При желании Мирослав мог бы остановить утомительную круговерть образов. Всего-то делов – медитация на пустоту, при которой всякая суетная мысль теряет власть над разумом, превращаясь в далекую звезду, и тут же срывается вниз, ничем не потревожив. Под таким метеоритным дождем до забытья рукой подать. Но сейчас он чувствовал, что не стоит подчинять хаос своей воле. Будто из него вот-вот сформируется нечто цельное – некое понимание. Как будто в этом вихре закружена мелочь, подсказка, которую он пока не может различить и приглядеться. Чтобы найти ее, нужно позволить разрозненным фрагментам произвольно спланировать вниз как осенним листьям и сложиться в правильный узор – цельную картинку.

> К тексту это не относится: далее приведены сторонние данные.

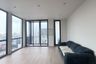 3 Bedroom Condo for rent in The Issara Sathorn, Thung Maha Mek, Bangkok near BTS Saint Louis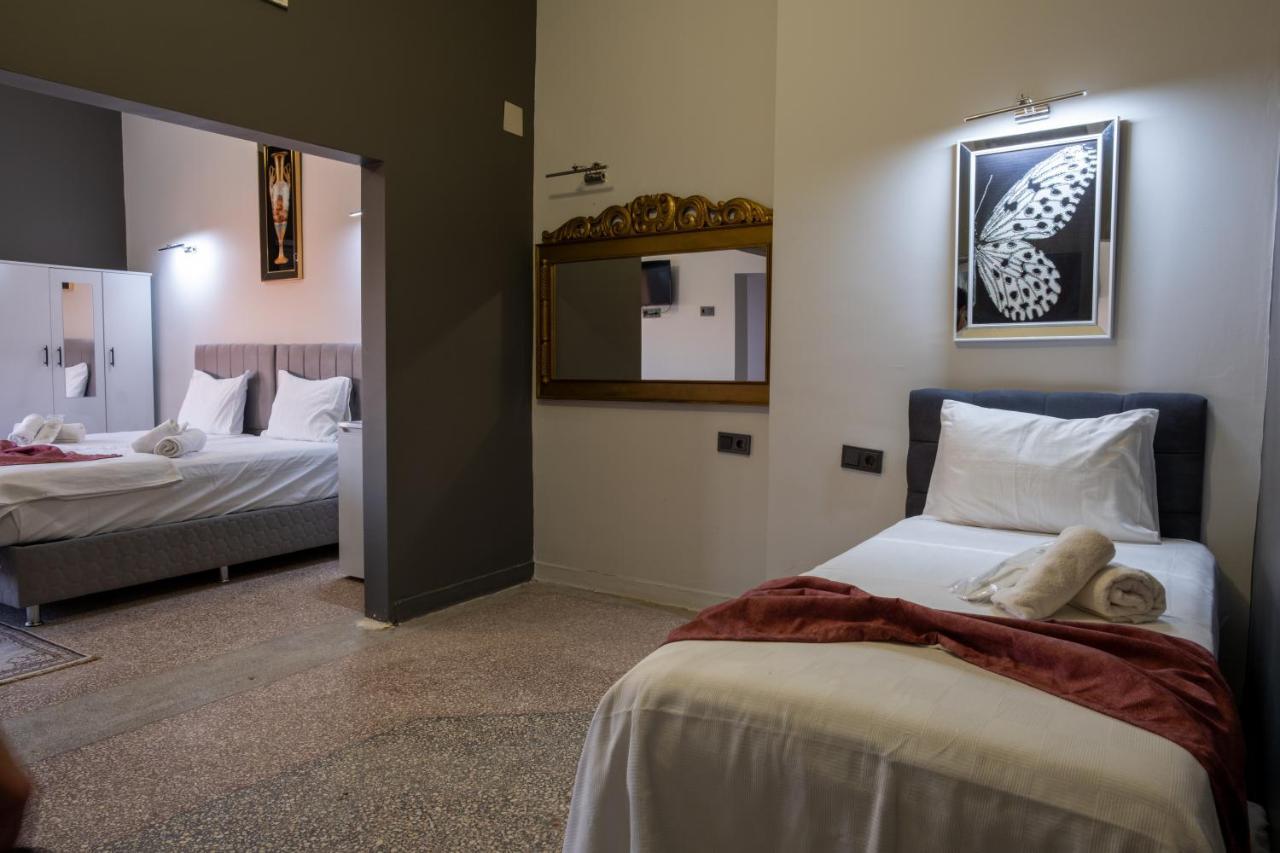 Elyans Konagi Otel Mardin Dış mekan fotoğraf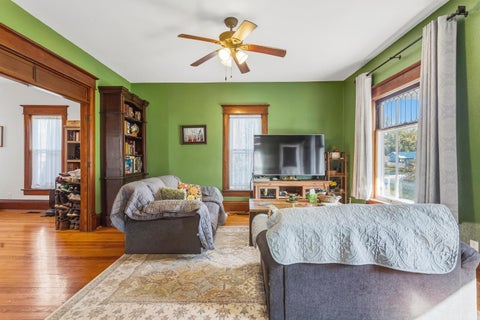 Tiny photo for 108 E Van Buren Street, Philo, IL 61864 (MLS # 12785249)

Поэтому он решил действовать от противного – не перекрывать поток сознания, а устремить его в нужное русло и посмотреть, во что выльется.
Мирослав поднялся с кровати, натянул домашние брюки и направился в кабинет. Там, настроив умеренно приглушенный свет, он взял с нижней полки альбом с листами бумаги для рисования формата А2 и набор простых карандашей «Фабер Кастел». Водрузив все это на свой рабочий стол перед панорамным окном, он прошелся до мини-бара и наполнил бокал пряным красным вином.
Именно этот своеобразный набор инструментов должен был помочь спутанным мыслям найти свои места и успокоиться. По опыту Мирослав знал, что рисование позволяет сознанию и подсознанию объединяться, чаще всего отдавая второму ведущую роль. Он давно это подметил, еще когда подростком проводил часы в светлой мансарде одного признанного художника, который давал ему частные уроки рисования и живописи. Поскольку родители Погодина имели возможность нанимать для своих детей любых педагогов в неограниченном количестве, Мирослав получил весьма разностороннее образование. Среди его хобби в разное время что только не значилось. К половине увлечений с возрастом он благополучно остыл, но вот рисование с ним осталось. Амбиций великого художника он не питал и брался за карандаш или кисть лишь время от времени, но неизменно ловил себя на мысли, что в этом процессе может лучше понять себя, чем в любом другом. И если кто-то верил в автоматическое письмо, то Погодин верил в автоматическое рисование, когда рукой движешь будто не ты сам, а кто-то другой, невидимый, но желающий быть замеченным, услышанным и понятым. То, что появлялось на холсте или бумаге при посредничестве невидимки, в итоге было похоже на послание. И сейчас Мирослав был намерен подобное послание получить.
Сделав все приготовления, он уселся в излюбленное, чудесно удобное кресло у письменного стола, вольготно откинулся на податливой спинке с мягким подголовником, закинул ноги на стол и неспешно отпил вина. Какое-то время он смотрел на огни никогда не спящей Москвы по ту сторону панорамного, во всю стену окна. А потом почувствовал, что самое время браться за карандаш.
Одна за другой на листе стали появляться линии, которые пока ни во что не складывались. Но потом Мирослав понял, что рисует глаз. Красивый, девичий, Лизин. Отчего-то ему захотелось досконально проработать набросок с тенями и полутенями век, с каждой крапинкой на светлой узорчатой радужке, с насыщенным ободом роговицы.
«Где искать? – Спрашивал он себя, механически отрисовывая детали. – Какой узор у этой загадки или в этой истории нет никакой загадки, а все замысловатые, вопросительно изогнутые крендельки мы с Замятиным сами дорисовываем вокруг пустоты, наделяя зияющее ничто смыслом? Может, у нас всех, у меня, Замятина, Рэя, Кати, Игната, всего лишь массовый психоз и ничего более?»